Kenya Power and Lighting Company (KPLC) has posted 92 percent reduced profits for the that ended December 31, 2019, during the release of its unaudited trading results.
KPLC, however, has registered a 17.8 percent increase in revenue during the period under revenue. The net earnings for the year stood at 334 million shillings, a drop from 4,968 million shillings recorded in 2018.
The drop in the net earnings for the year 2019 for KPLC has been attributed to the increase in non-fuel power purchase costs by 18,083 million shillings from 52,795 million shillings in 2018 to 70,978 million shillings in 2019.
“Revenue from electricity sales grew by 16,994 million shillings from 95,435 million shillings the previous year to 112,429 million shillings,” said Imelda Bosire, the KPLC Secretary.
“The rise was attributed to a tariff review at the beginning of the year prior to the subsequent tariff harmonization that lower rates for Small Commercial Customers and broadened lifeline tariff for Domestic Customers,” she added.

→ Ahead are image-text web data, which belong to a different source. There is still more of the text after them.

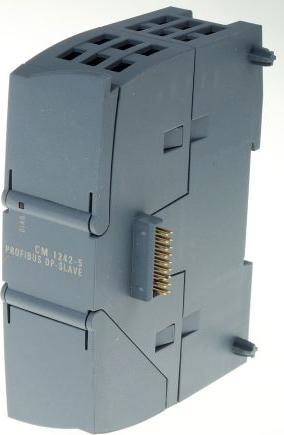 Immagine prodotto Siemens MODULO DI COMUNICAZIONE, S7-1200, CM 1242-5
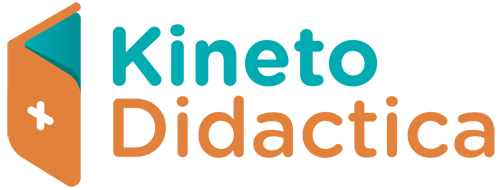 Cursuri Fizioterapie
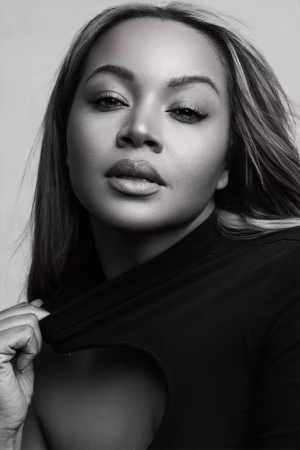 Naimah Terry - Gallery Image 2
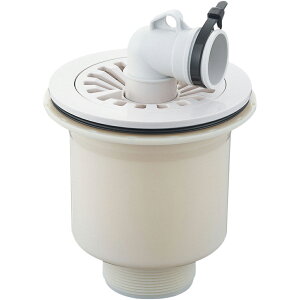 SANEI Oh H5552-50 @rgbv @ r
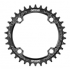 ENGRANAJE DECKAS BCD 104 36 D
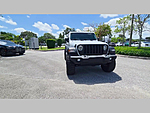 Used 2022 JEEP WRANGLER UNLIMITED SPORT S 4X4 in WEST PALM BEACH, FLORIDA (Photo 52)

According to the Energy Regulatory Commission, over 3.6 million Kenya Power customers who consume less than 10 units per billing cycle, now pay between 36 and 82 percent less for electricity as the regulator also announced the removal of the KSh150 standing charge in 2018.
Kenya Power’s finance costs rose by 46.4 percent to 3,267 million shillings due to increased levels of short-term borrowing ‘to bridge cash flow shortfalls’ and foreign exchange losses.
As a result, its income after tax was 262 million shillings compared to 3.268 million shillings the previous year after taking into account a tax charge of 72 million shillings.